Teacher crisis hits London as nearly half quit within five years

London: London schools are in the throes of a growing crisis in teacher retention, with figures revealing that more than four out of 10 quit the profession within five years of qualifying.

Schools across England say they are struggling to recruit and retain staff, but the problem is most acute in inner London where just 57% of teachers who qualified in 2012 were still working in the classroom by 2017.

According to new analysis of government figures by Labour MP Matthew Pennycook, of the 35,000 newly qualified teachers (NQTs) who started teaching in the capital since the Conservatives took power in 2010, more than 11,000 have already left.

Retention rates have deteriorated year on year since 2011. More than a quarter of teachers recruited to London schools in 2015 had already left the classroom by November 2017 and over a third of new London teachers now leave within four years.

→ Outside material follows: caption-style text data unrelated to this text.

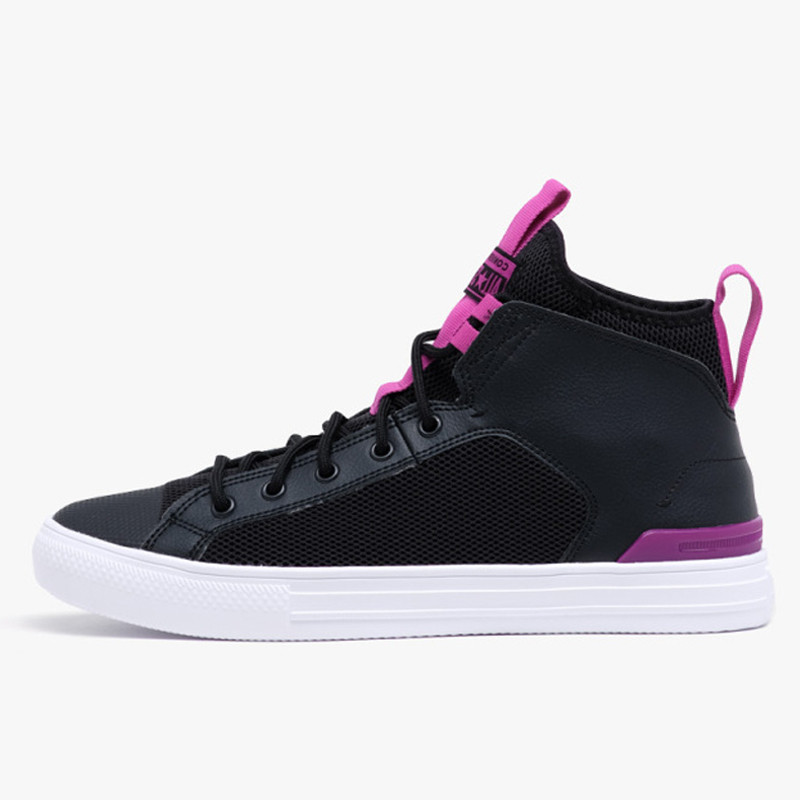 SEPATU SNEAKERS CONVERSE Chuck Taylor All Star Ultra Mid Top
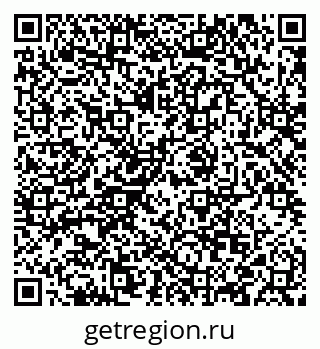 79088597649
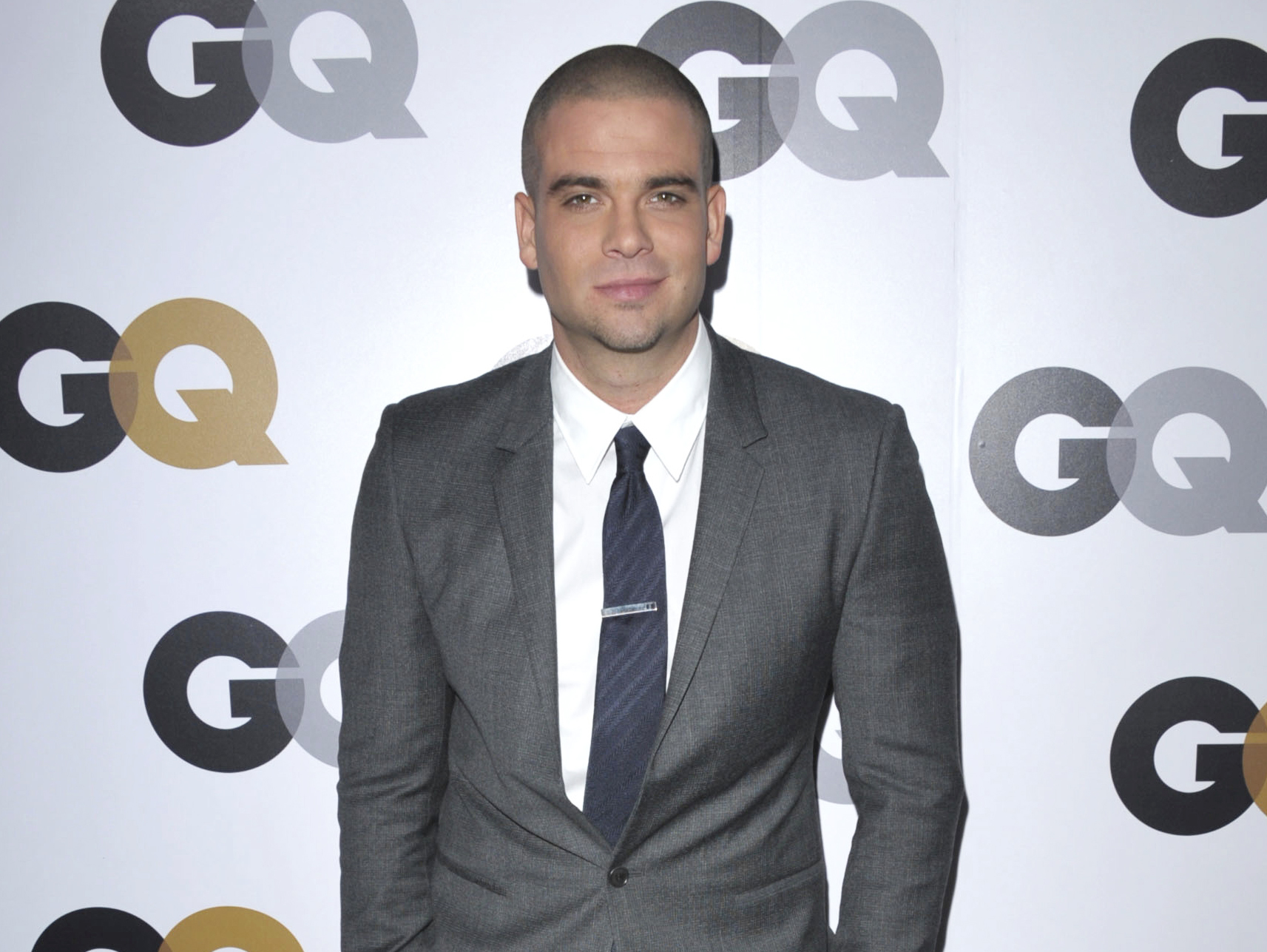 Coroner rules 'Glee' actor Mark Salling's death a suicide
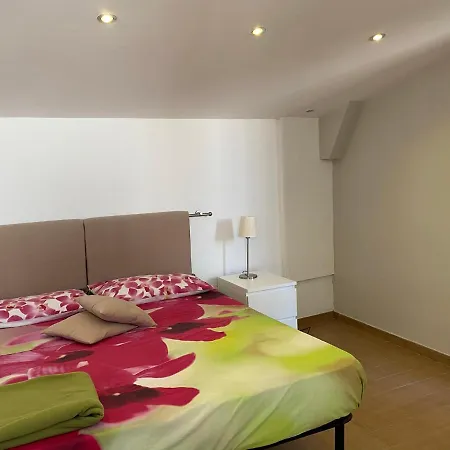 Three Kings * 나폴리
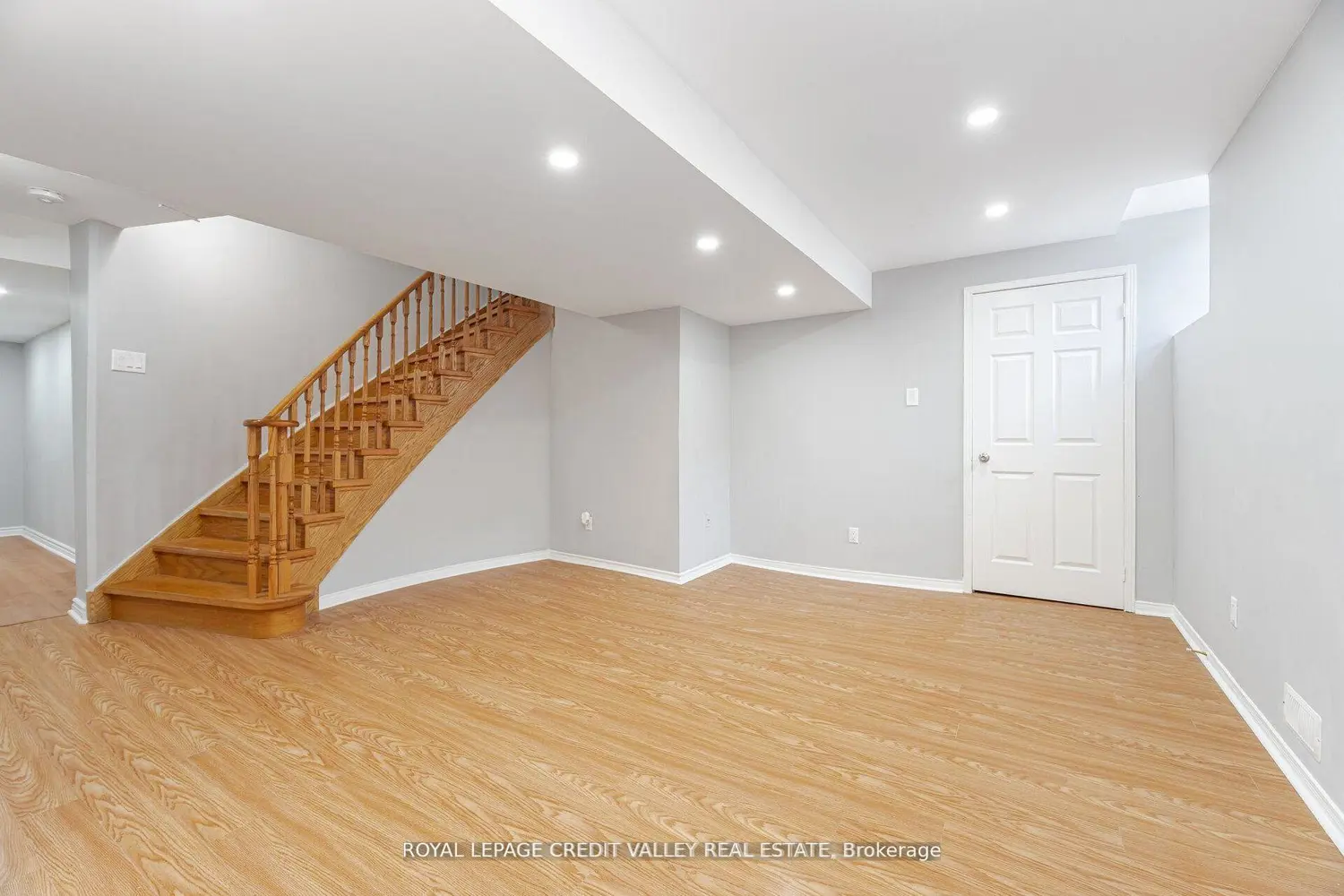 Additional image 12 of 12 Greenhalf Drive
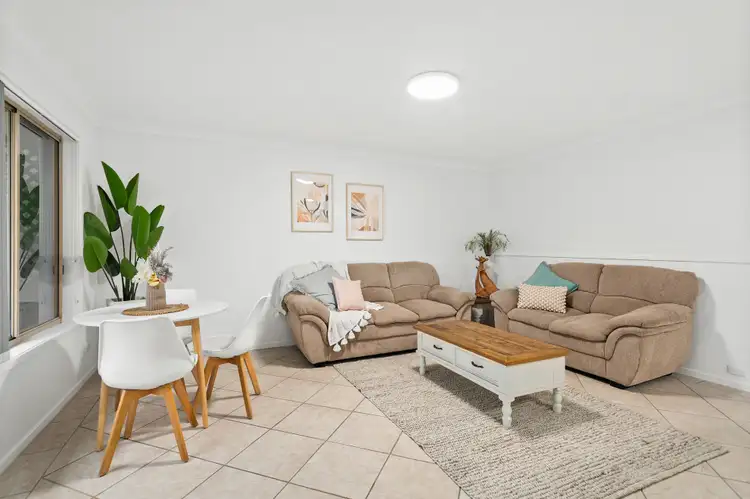 Fourth view of Homely villa listing, 9/12 Bellbird Close, Barrack Heights NSW 2528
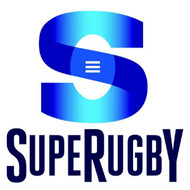Super Rugby
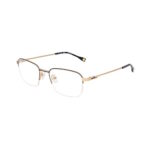 Lapo LATT007 - Image 2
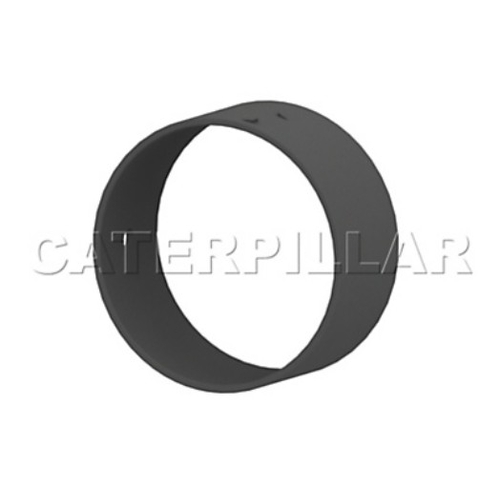 Bearing Rod - 261-3450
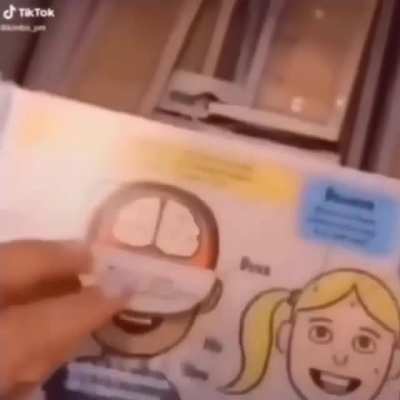 Bruh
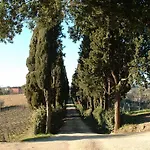 Castel Di Pugna Winery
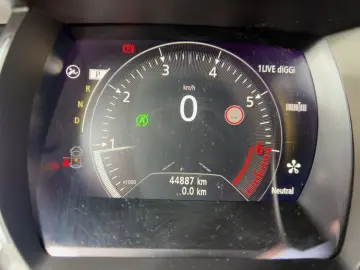 RENAULT Talisman S-EDITION TCe 160 EDC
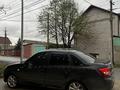 ВАЗ (Lada) Granta 2190 2019 года за 3 300 000 тг. в Караганда – фото 3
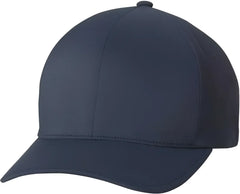 Flexfit 180 Delta Seamless Cap Navy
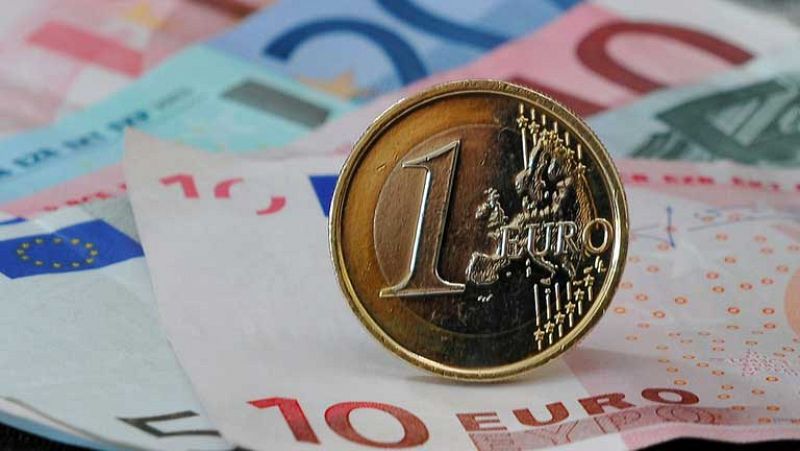 La Unión Europea da aire a España y permitirá que el déficit de 2012 llegue al 6,3%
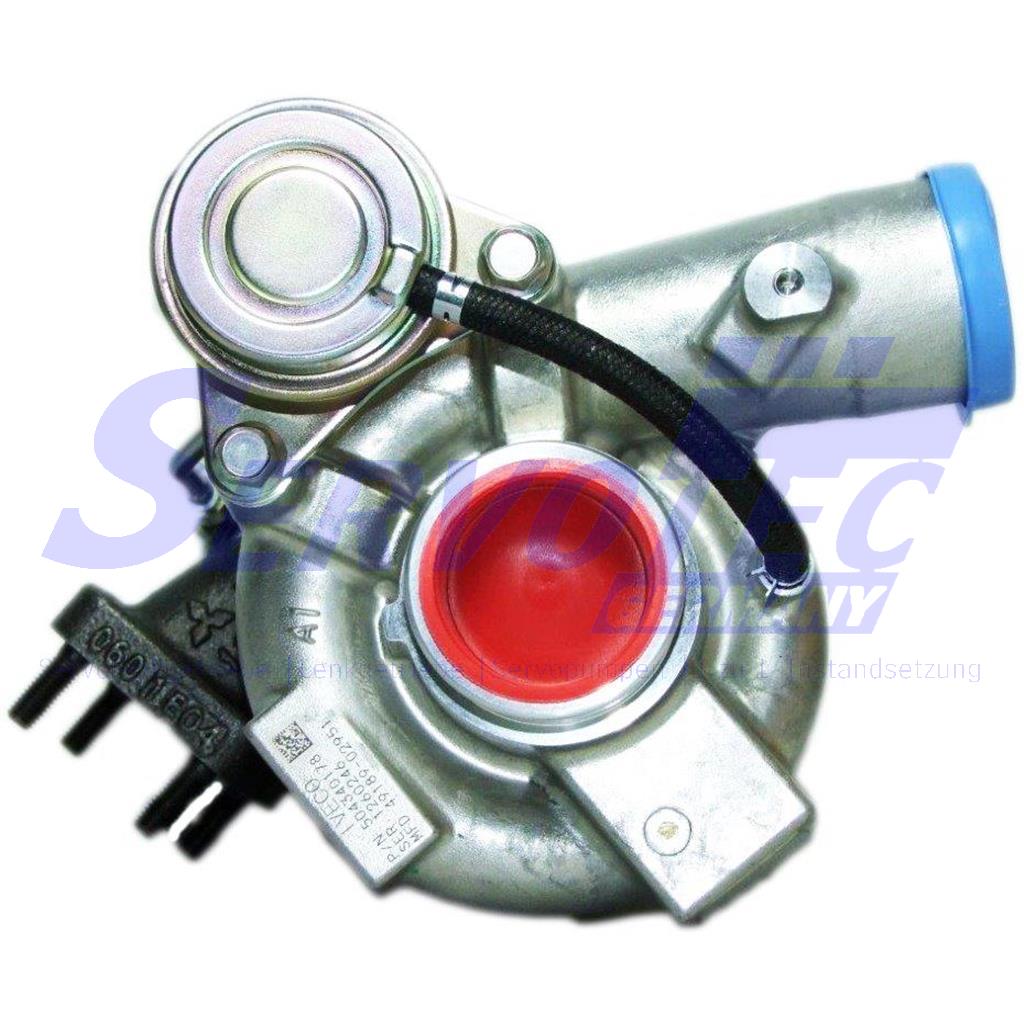 STTC0307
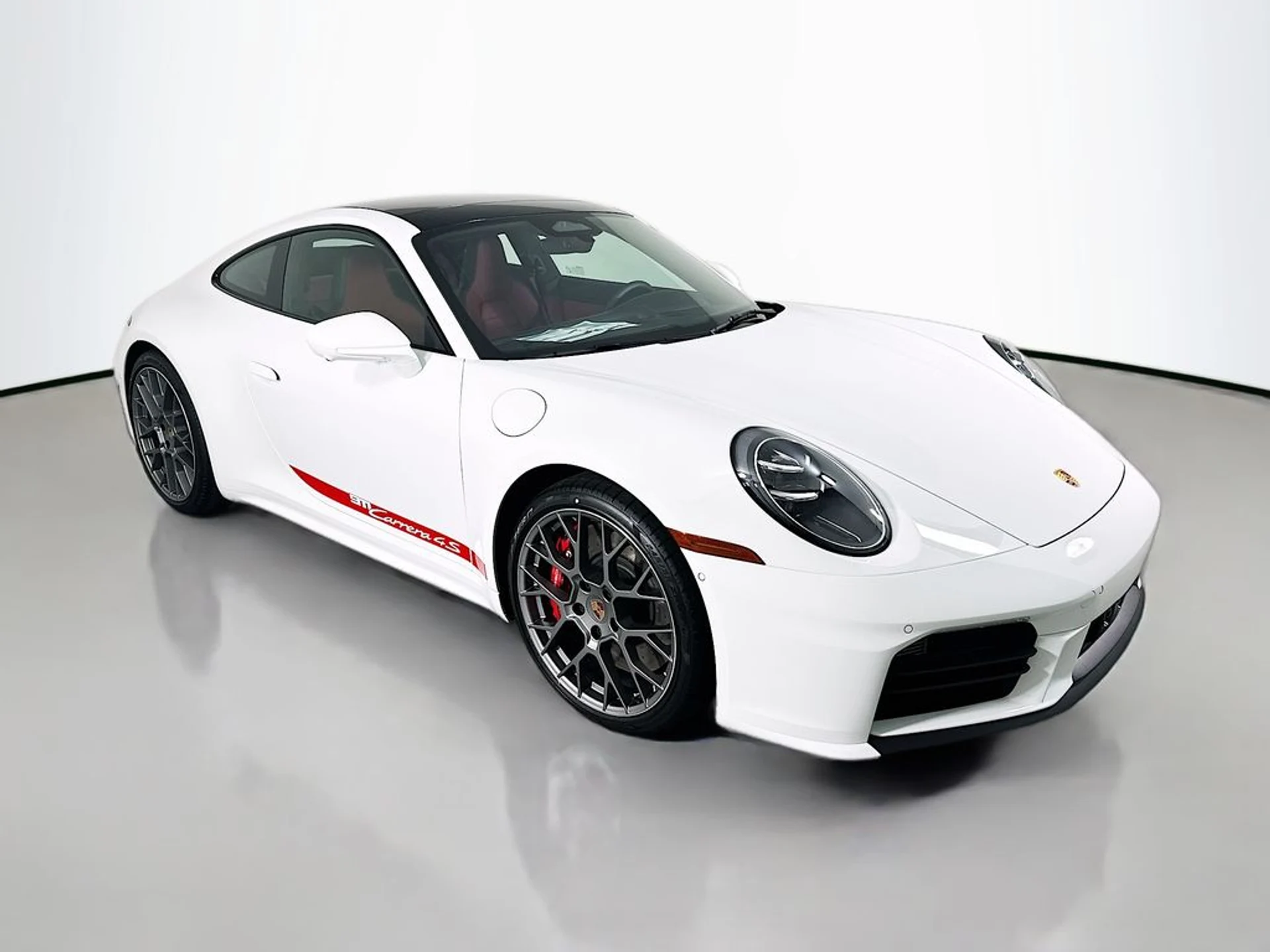 mph006_3735208470_8da795da0232688fccb8334a3a47d8a9x_7e6a8a793b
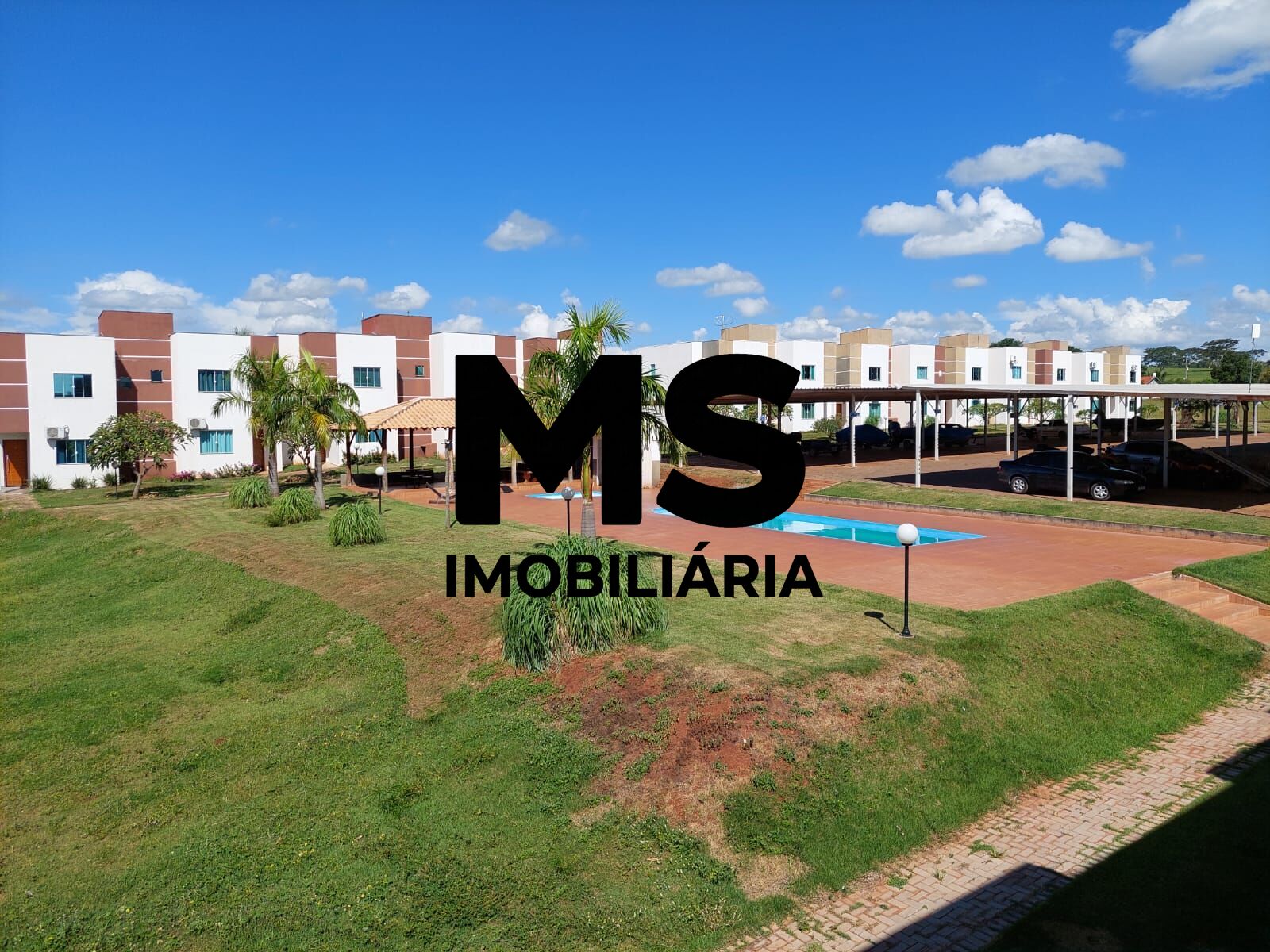 Imagem principal do imóvel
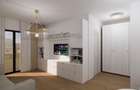 Apartament doua camere de inchiriat  - 5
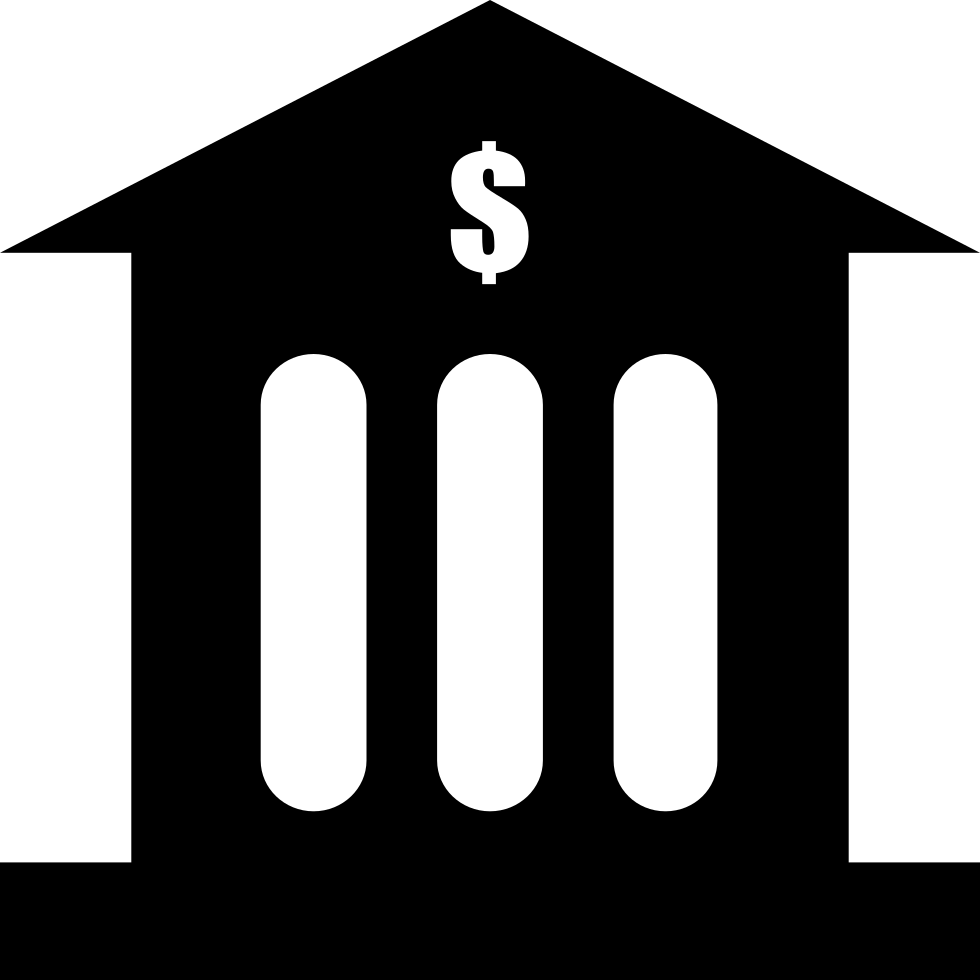 Png File Svg - Cooperative Icon Clipart (980x980), Png Download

Pennycook, MP for Greenwich and Woolwich in London, described the figures as alarming. “The crisis in teacher retention in London did not begin the day before yesterday, yet this Tory government still has no coherent plan to address the problem and no appetite to get to grips with the underlying drivers – workload, stagnant pay, rising living costs and a lack of genuinely affordable housing to rent and buy – that lie behind this worrying trend.”

The crisis in retention comes at a time of growing demand for school places and increasing pupil numbers, particularly in the capital. Earlier this year parliament’s spending watchdog, the public accounts committee (PAC), criticised the government for failing to do enough to persuade disenchanted teachers to stay in the profession.

Meanwhile, the school population continues to expand. The Department for Education (DfE) expects secondary school pupil numbers to go up by 19.4% between 2017 and 2025. The PAC accused the government of spending too much on training new teachers (£555m) and not enough (36m) on retaining and developing existing ones.

Angela Rayner, the shadow education secretary, said: “This is the latest evidence that the Tories have created a crisis in teacher recruitment and retention, yet ministers continue to bury their heads in the sand. The next Labour government will create a National Education Service, providing the funding our schools need and the pay our teachers deserve.”

Kevin Courtney, joint general secretary of the National Education Union, added: “Our own research shows that 81% of teachers have considered leaving the profession in the last year because of workload, driven in a large part by time-consuming data gathering that has little or nothing to do with children’s education.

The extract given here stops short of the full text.